Kyle lands himself in the supernatural mess when he insults an “ugly” classmate of his (Mary Kate Oleson) at a pep rally who happens to be a witch in disguise. I put ugly in uplifted commas, because other than her indiscriminate use of dark makeup I’m blanking on why she’d be considered ugly. But, it’s one of a series of random things about Beastly because the stakes in it seem especially minor. Sure, Kyle is evil and all but the way in which he insults this “witch” seems especially bland – considering how diabolical he seems capable of being. But, this is high school – so harsh words and the embarrassment of being stood up for a date are reasons for dire revenge. It gets even sillier, where a random meeting with a petty drug mule makes Vanessa Hudgen’s Lindy (or Beauty, in this case) journey to the Beast’s lair to hideout. And on and on.

I’m a bit wary of lodging the blame indiscriminately on the leads, well on Alex Pettyfer at least (more on him when I review I Am Number Four later in the week). True, Kyle is a completely ludicrous character but it’s not so much that Pettyfer plays him poorly as it is there’s nothing for him to play. The entire film is permeated with a strong sense of laziness and the film depends on the concept that after one year Kyle is able to believe in the dictum of “true beauty is within” – or some other trite aphorism. But, there’s the striking sense that screenwriter and director Daniel Barnz doesn’t really believe in what he’s preaching. The one year journey is developed in spurts that do little – if anything – to establish any emotional profundity in his plight. There’s supposed to be an epiphany of sorts when Kyle realises that even though he was gorgeous, his meanness meant that no one liked him. It doesn’t land, though, especially when you consider that it was his richness that seems to be the most significant draw; a richness which he still has, beastly outside or not. Barnz just seems disinterested in serving up a robust cinematic experience. And, the entire supporting cast seem about as unenthused.
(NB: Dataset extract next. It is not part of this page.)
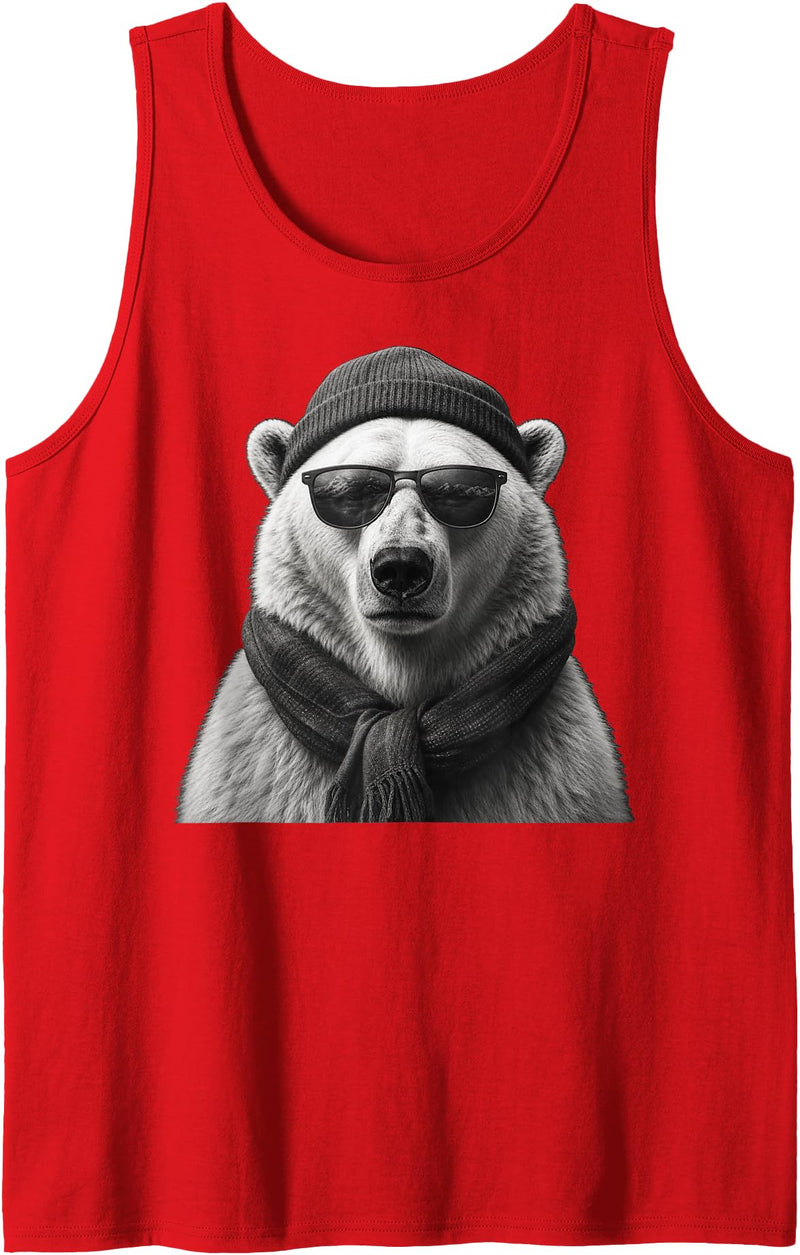 Polar Bear Enthusiast Polar Bear in Sunglasses Monochrome Illustration Tank Top - Red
For me, three of them manage to come out unscathed. Peter Krause shows up for all of ten minutes to play the father of the beast – as selfish, and arrogant as his son (pre-transformation). Maybe it’s because there’s a constant sense of him trying to escape the horrific image of his beastly son, but I find it hilarious in some way how Krause plays the film with a constant tunnel-vision as if he’s unaware of (or uninterested in ) all the film’s issues. Mary Kate Oleson takes another route. Her jeering witch is so fantastically over-the-top she seems to be deliberately stirring the point for her own amusement. Then, there’s Neil Patrick Harris – dependable as always playing a random blind tutor to Kyle. The character is tosh, but Neil is good to watch – as always.

I can’t say that my curiosity to see Beastly was fatal, but it wasn’t especially rewarding either. It falls into a long list of films which have nothing to say – and even worse say it in such a lethargic manner than you wonder why on earth they were green-lit in the first place.